I wrote this function:
fn main() {
// Ok: from "9846UNIUNI" to "9846"
println!("{}", read_csv_rilev("9846UNIUNI".to_string()));
// Wrong: from "9846uniuni" to "9846"
println!("{}", read_csv_rilev("9846uniuni".to_string()));
}
fn read_csv_rilev(code: String) -> String {
code
//.to_uppercase() /*Unstable feature in Rust 1.1*/
.trim_right_matches("UNI")
.to_string()
}
The ideal function signature looks like:
fn read_csv_rilev(mut s: &String)
but probably an in-place action on a String is not a good idea. In fact, in the Rust standard library there isn't anything to do this excluding String::pop().
Is there a way to trim a
Stringwithout allocating another one?
Yes, you can use truncate to remove trailing parts of the string:
const TRAILER: &'static str = "UNI";
fn read_csv_rilev(s: &mut String) {
while s.ends_with(TRAILER) {
let len = s.len();
let new_len = len.saturating_sub(TRAILER.len());
s.truncate(new_len);
}
}
fn main() {
let mut code = "Hello WorldUNIUNIUNI".into();
read_csv_rilev(&mut code);
assert_eq!("Hello World", code);
}
You don't need to mess with the allocated string at all. You can use the same logic and make successive subslices of the string.
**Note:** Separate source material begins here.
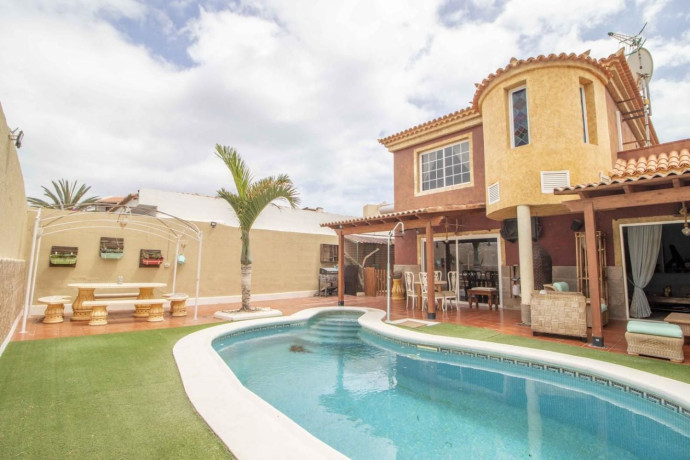 casa-o-chalet-independiente-en-venta-en-calle-salto-del-chopo-7-big-1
This is basically how trim_right_matches works, but a bit less generic:
const TRAILER: &'static str = "UNI";
fn read_csv_rilev(mut s: &str) -> &str {
while s.ends_with(TRAILER) {
let len = s.len();
let new_len = len.saturating_sub(TRAILER.len());
s = &s[..new_len];
}
s
}
fn main() {
let code = "Hello WorldUNIUNIUNI";
let truncated = read_csv_rilev(code);
assert_eq!("Hello World", truncated);
}
In general, I'd probably go with the second solution.